Anonymous members have pleaded guilty in the PayPal distributed denial-of-service (DDoS) attack case.
On Thursday, December 5, members of the hacktivist group Anonymous appeared in a federal court in California to enter a plea pertaining to a three-year old digital protest against PayPal, which will see a sentence hearing on December 4, 2014 in San Jose.
In July 2011, 14 people were charged in the U.S. District Court for the Northern District of California, San Jose for a DDoS cyberattack on PayPal's servers in December 2010. A DDoS is an attempt to render a website inaccessible by overloading it with requests that will disrupt the server.
The members of Anonymous waged the attack, dubbed Operation Payback, as a reaction to PayPal's decision to suspend Wikileaks' account with the online billing service. Under the Computer Fraud and Abuse act, the Anonymous members were charged for conspiring to commit "intentional damage to a protected computer."
The defendants admitted to their participation in the act, which led to PayPal going offline momentarily in 2010, pleading guilty before the judge.
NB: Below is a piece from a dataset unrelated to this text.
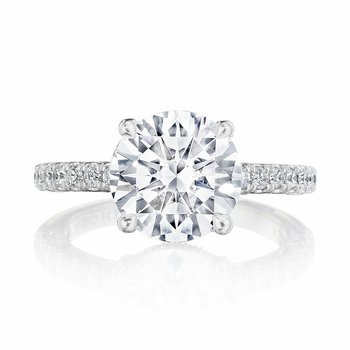 18K WHITE GOLD DANTELA FANCY MILIGRAIN DIAMOND HIDDEN HALO SEMI MOUNT 002-140-03574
Eleven of the members pleaded guilty to felony on count of conspiracy and a misdemeanor count of damaging a computer because of a DDoS attack.
According to the prosecutors, defendants used a free computer program called Low Ion Orbit Canon (LOIC) to flood PayPal's servers collectively with plenty of illegal Internet traffic for a week in December, which in turn knocked the website offline and caused PayPal an estimated $5.5 million loss.
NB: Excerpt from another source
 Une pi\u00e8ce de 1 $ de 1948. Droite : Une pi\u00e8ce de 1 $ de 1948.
A new sentencing is scheduled for December next year.
"Here, at the head of the day if everything works out fine, the defendants are going to get a misdemeanor," said Stanley Cohen, a counsel for one of the defendants. "If there are no new arrests at the end of the year, the felony is dismissed. The misdemeanor is left in piece and people will essentially get conditional discharges at that point with restitution in the amount of $5,600 for each person."
The restitution amount totals to under $80,000 for all 14 defendants, which is barely a fraction of the $5.5 million in damages claimed by PayPal for the disruption.
However, prior to the hearing, PayPal's parent company eBay's founder Pierre Omidyar requested the court to be lenient.
"In my view, they should be facing misdemeanor charges and the possibility of a fine, rather than felony charges and jail time," said Omidyar.